We live and work in a 24/7 connected world, with more people spending a growing portion of their day online.

According to the 2018 Global Digital reports from Hootsuite and We are Social, an incredible 4 billion more people worldwide are using the internet – this translates to an estimated half of the world’s population is now online and this represents an increase of 7 percent year on year. We are also spending more time on the internet, with the average now estimated at third of our day online – according to Global Web Index. Just imagine eight out of every 24 hours of the day, over two days a week or 104 days of the year.

What I found even more interesting here, is the behavior pattern, which directly links the time spent online with how long the individual has been using the internet for. A survey conducted by in 2017, found that GCC nationals who had used the internet for more than two years, spent a min of 21 hours per week online, and for those who had used it for more than 10 years, spent a minimum of 29 hours per week online.

What keeps us online and connected? At a consumer level there are multiple reasons but the desire to be up to speed with the latest developments, gossip and news around the world is one of the biggest drivers. We don’t like to not be in the loop. Also, the personal as well as professional need to communicate with people, businesses, and other networks across different geographies with no downtime keeps us ‘consuming content and eating up bandwidth’. The impact is that our world has changed thanks to the internet and it’s all about the ‘now’ now.

Social media uptake is also on the rise, with more than 3 billion (increase of 13% year on year) people not wanting to be ‘left out’ around the world and using social media each month and surprise, surprise 90 percent of us doing this on our mobiles – we are a society on the move whether we are in Mali, Massachusetts or the Middle East we aren’t in one place very long. This accelerated adoption of the internet and social media platforms boils down to ease of access to the net and affordability of data plans and Apple & Samsung.

In the Middle East, WhatsApp use is huge, with majority of people in communities using it across the region – an incredible two thirds of the population. Whether it’s to chat to a friend in Dubai or your Mum in India or to get the latest updates about the school fete or the teachers birthday present there are large parts of every society using it.

Approximately 75 percent of internet users across the Middle East region use Wi-Fi or mobile data packages to connect, according to data from Global Web Index. It’s important to note here that use of Wi-Fi varies across different markets in the region, depending on infrastructure and Wi-Fi accessibility. UAE scores the highest with 97 percent of the population using Wi-Fi to go online, followed closely by 91 percent in Lebanon, 87 percent in Qatar and 81 percent in KSA.
Connectivity demands are only going to grow year-on-year with accelerated adoption of internet of things (IoT) worldwide, as well as greater use of tech and Wi-Fi to share critical data in a number of industries including healthcare, transport and retail. The sharing of content generally will increase exponentially, with video streaming on the rise and one of the main drivers of Internet traffic going into the future. The Middle East and Africa region is predicted to experience the biggest growth in internet traffic over the next five years.
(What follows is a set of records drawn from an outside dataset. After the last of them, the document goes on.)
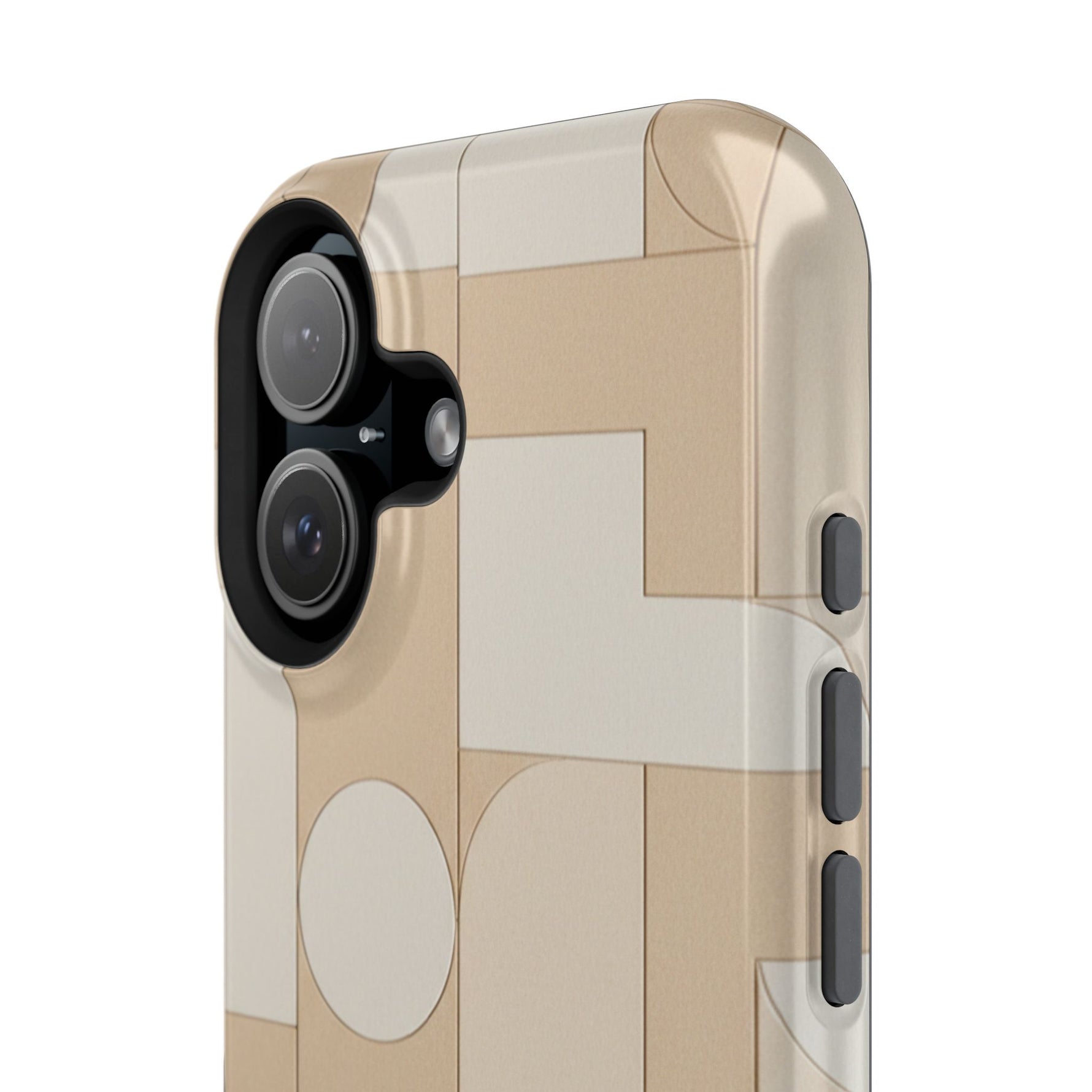 Geometric Beige Magnetic Impact-Resistant iPhone Case with Personalizable Quote and MagSafe Compatible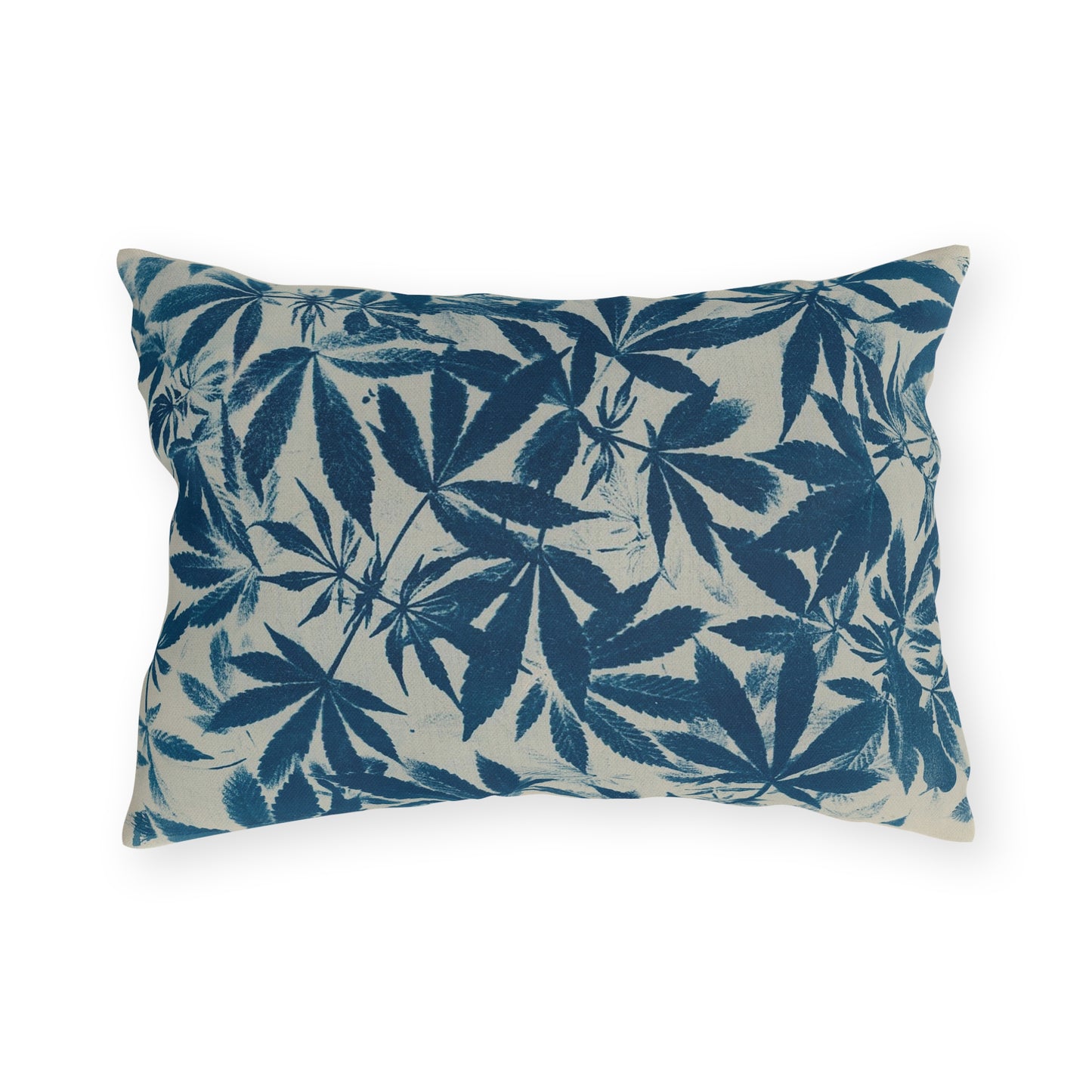 Outdoor Decorative Pillows - UV/H2O/Mildew Resistant - Cannabis Field Cyanotype on Ivory Print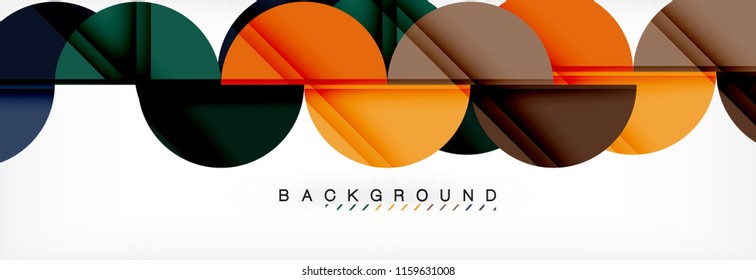 Fondo abstracto geométrico y circular moderno, ilustración vectorial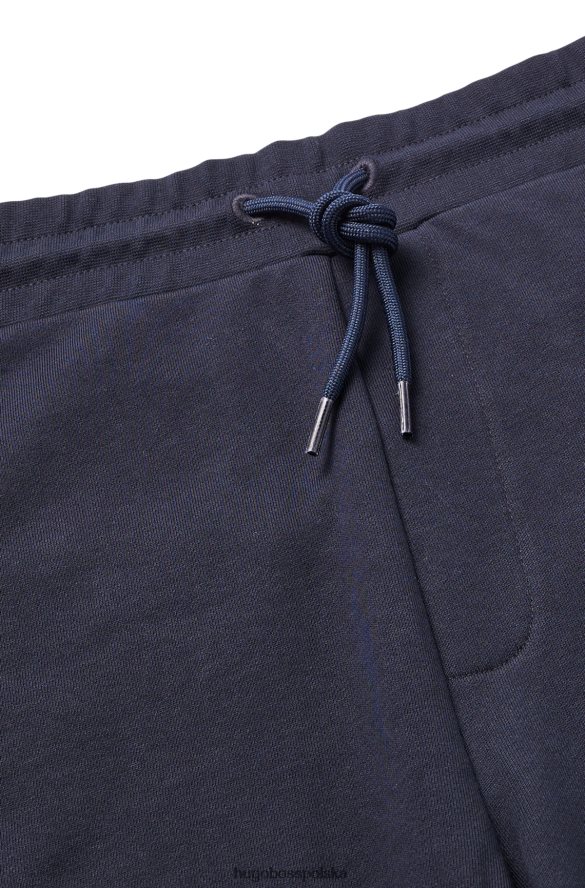 Hugo Boss szorty z bawełny frotte z logo w kolorze ciemnoniebieskim hugo ciemny niebieski R0X0H64134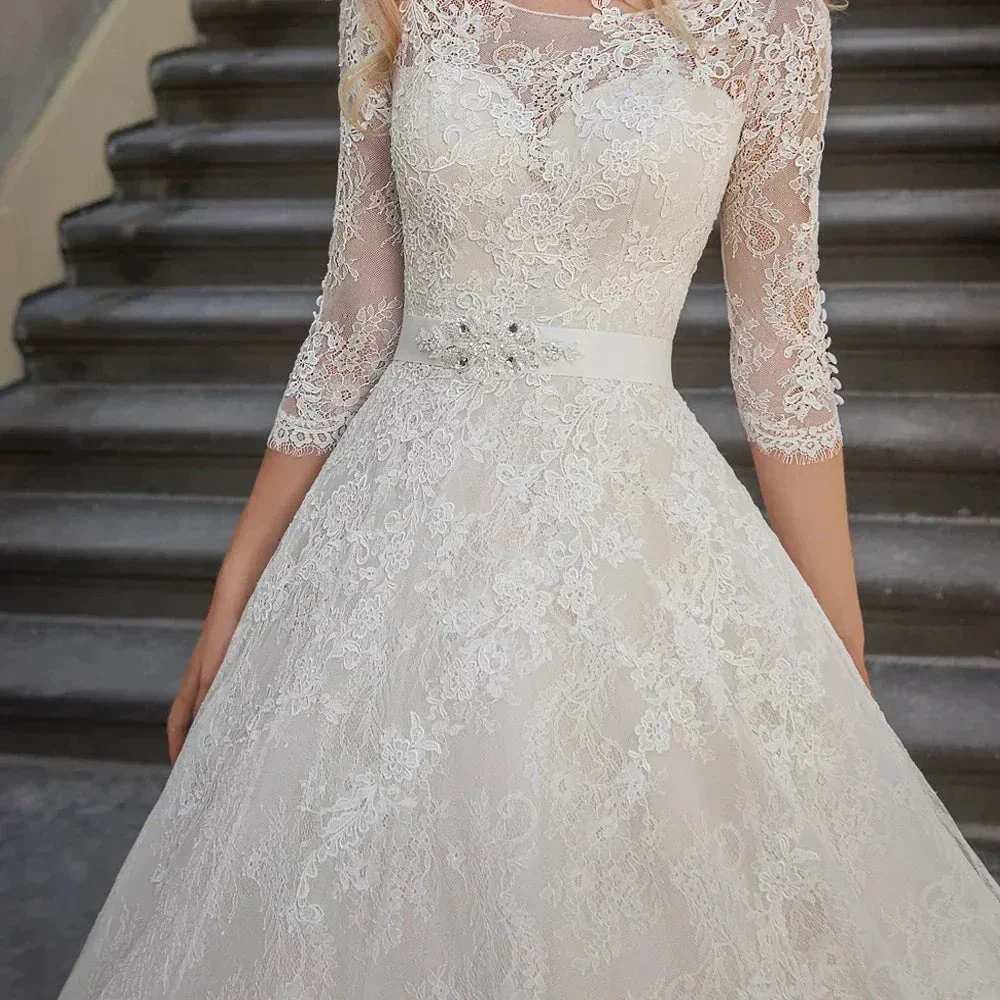 A-Line Luxury Wedding Gowns Lace Applique 3/4 Sleeve Wedding Party Bridal Dresses Vestidos Baratos Con Envio Gratis Robe De - Image 3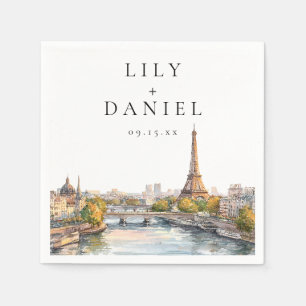 Watercolor Paris France Destination Wedding Napkin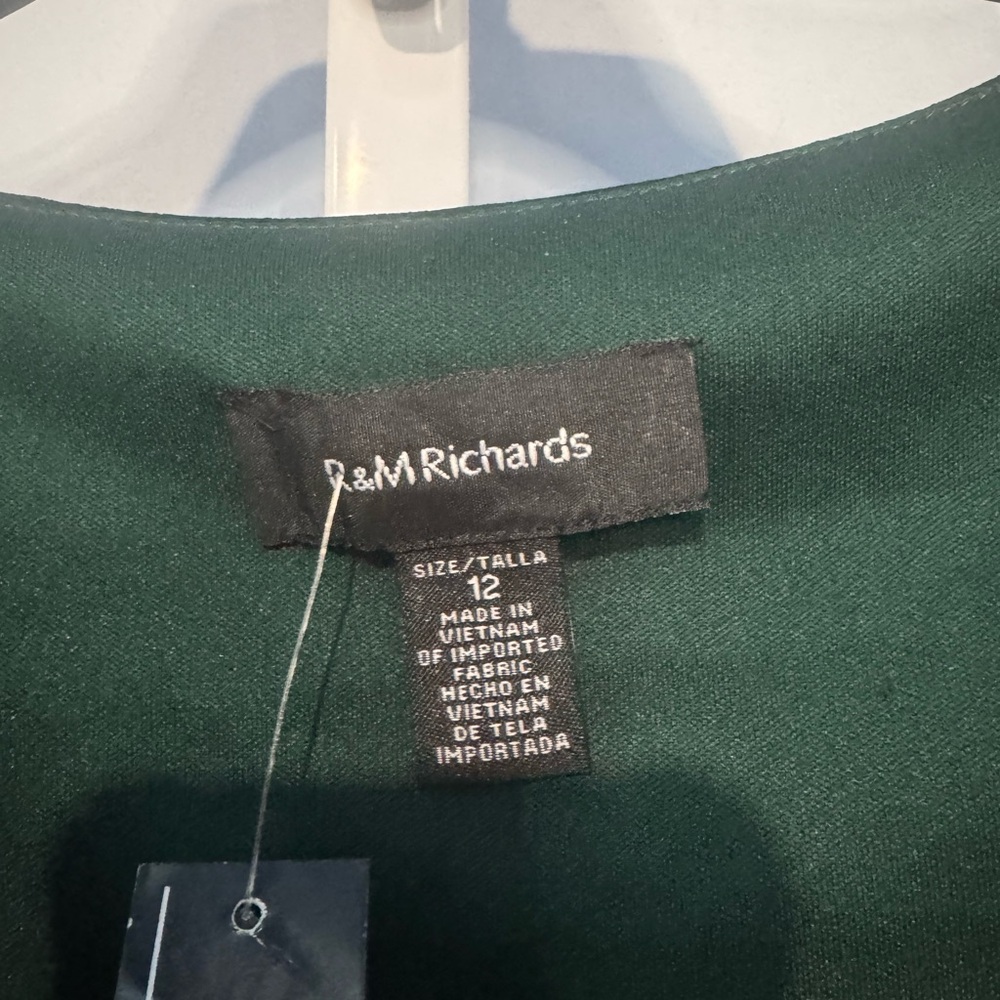 R&M Richards Emerald Velour Dress with Mesh Bell Sleeves Size 12 NWT - Picture 6 of 6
Regional governments, operators are ahead of the curve and have already started investing heavily in infrastructures, with the GCC states among the first in the world to deploy commercial 5G networks. Operators such as Etisalat and Ooredoo are already conducting 5G trials. The ultimate objective being enhanced performance and increased capacity, providing users & businesses with state of the art IoT and communication services. In the UAE, mobile IoT networks have been successfully set up to connect sensors securely and ensure that critical state initiatives such as UAE’s Smart Dubai are a success by providing uninterrupted, secure, scalable connectivity in a heavily congested urban environment.

Another huge collaboration worthy of a mention, is Saudi Arabia’s Public Investment Fund, joining with Softbank, and other investors including Apple, Qualcomm and Abu Dhabi based Mubadala to launch an incredible USD 93 billion global technology investment fund aimed at AI, Robotics and VR. So many exciting initiatives to write about and will keep you updated in my upcoming writings.

Technology is the future and the Middle East region is very much on the forefront of this with exciting announcements being made on a regular basis, securing investments and collaborations with leading multinational tech brands to build a future ready economy and, truly advanced connected communities.